- **WHAT NEEDS TO BE DONE**
In your copy, leave out the pictures and output only the lines from the one holding "Western blot analysis" through the end of the data below, exactly.

===== SUPPLIED RECORDS =====

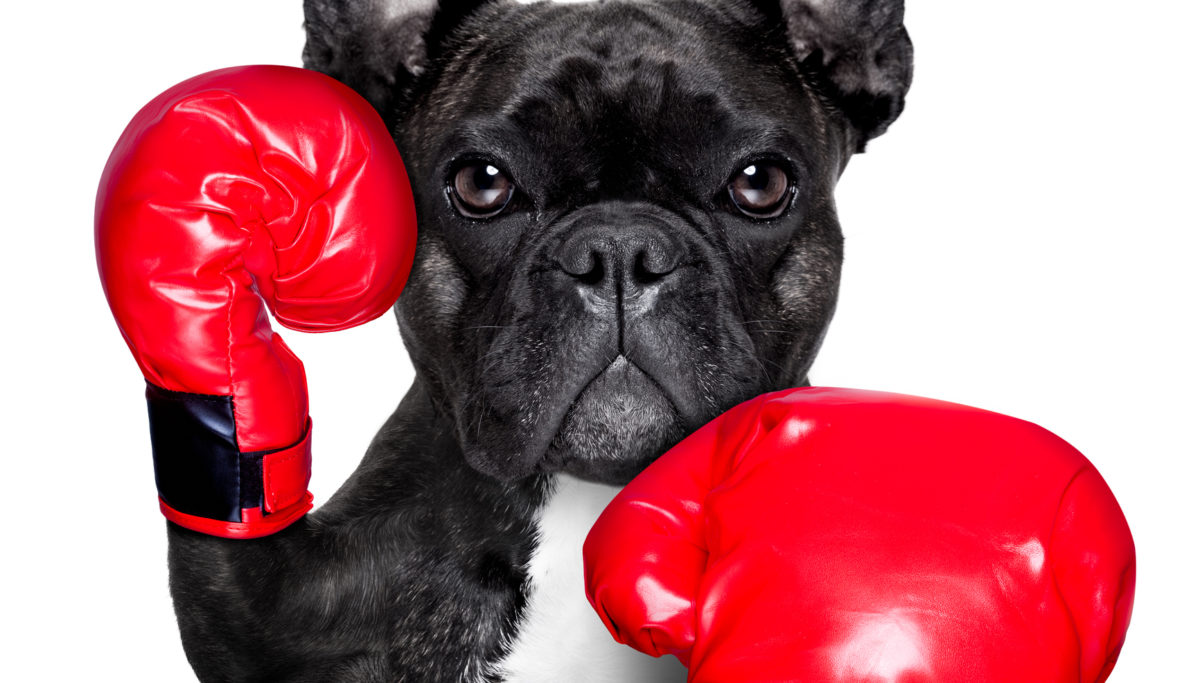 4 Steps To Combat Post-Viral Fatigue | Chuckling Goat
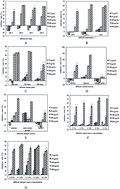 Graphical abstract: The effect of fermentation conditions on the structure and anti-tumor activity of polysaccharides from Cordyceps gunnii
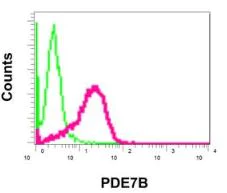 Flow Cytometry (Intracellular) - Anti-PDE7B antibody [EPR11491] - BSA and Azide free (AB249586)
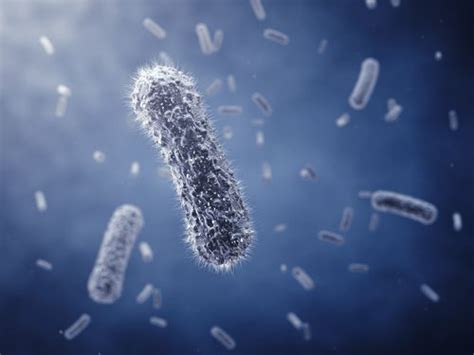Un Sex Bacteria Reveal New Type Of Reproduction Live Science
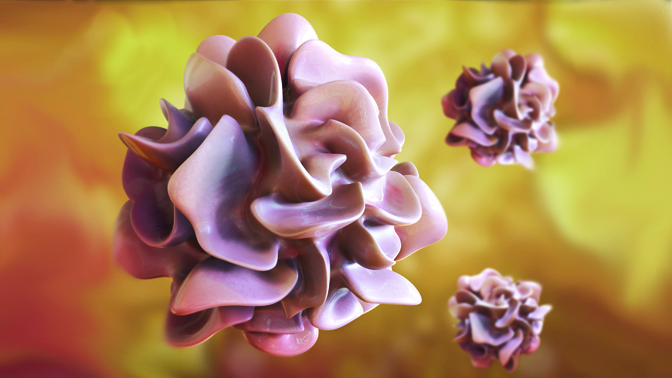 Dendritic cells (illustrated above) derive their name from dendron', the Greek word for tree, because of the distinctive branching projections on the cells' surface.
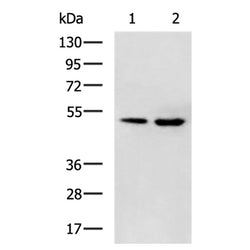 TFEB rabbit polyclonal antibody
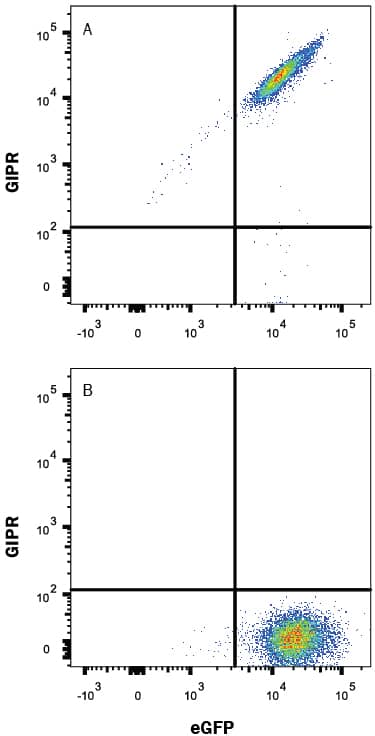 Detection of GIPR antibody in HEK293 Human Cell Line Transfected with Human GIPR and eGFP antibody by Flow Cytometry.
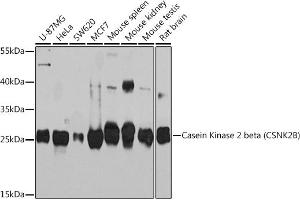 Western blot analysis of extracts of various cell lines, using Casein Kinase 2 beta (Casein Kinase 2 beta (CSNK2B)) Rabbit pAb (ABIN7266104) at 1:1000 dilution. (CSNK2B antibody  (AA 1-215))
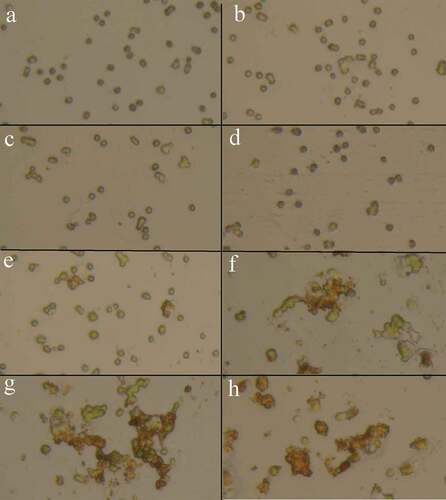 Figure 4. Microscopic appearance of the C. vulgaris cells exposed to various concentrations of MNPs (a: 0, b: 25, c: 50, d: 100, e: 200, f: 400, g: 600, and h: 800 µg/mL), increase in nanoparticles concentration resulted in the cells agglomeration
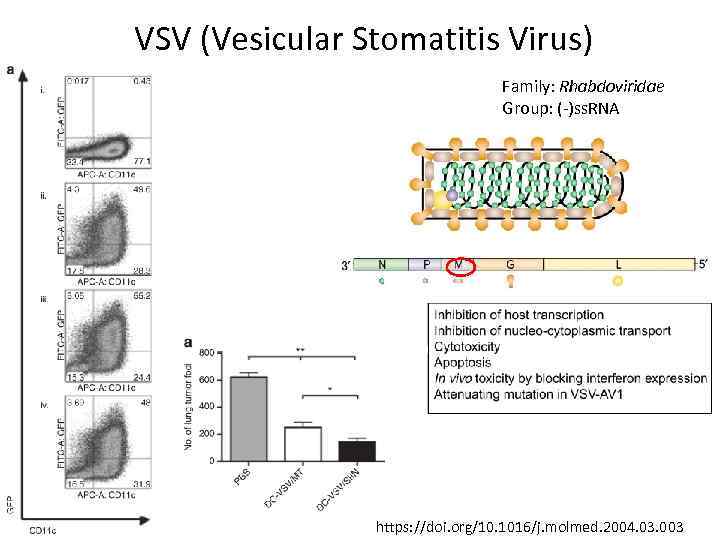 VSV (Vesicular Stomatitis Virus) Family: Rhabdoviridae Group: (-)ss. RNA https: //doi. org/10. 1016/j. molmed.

=====

- **TASK SOLUTION**
 Western blot analysis of extracts of various cell lines, using Casein Kinase 2 beta (Casein Kinase 2 beta (CSNK2B)) Rabbit pAb (ABIN7266104) at 1:1000 dilution. (CSNK2B antibody  (AA 1-215))
 Figure 4. Microscopic appearance of the C. vulgaris cells exposed to various concentrations of MNPs (a: 0, b: 25, c: 50, d: 100, e: 200, f: 400, g: 600, and h: 800 µg/mL), increase in nanoparticles concentration resulted in the cells agglomeration
 VSV (Vesicular Stomatitis Virus) Family: Rhabdoviridae Group: (-)ss. RNA https: //doi. org/10. 1016/j. molmed.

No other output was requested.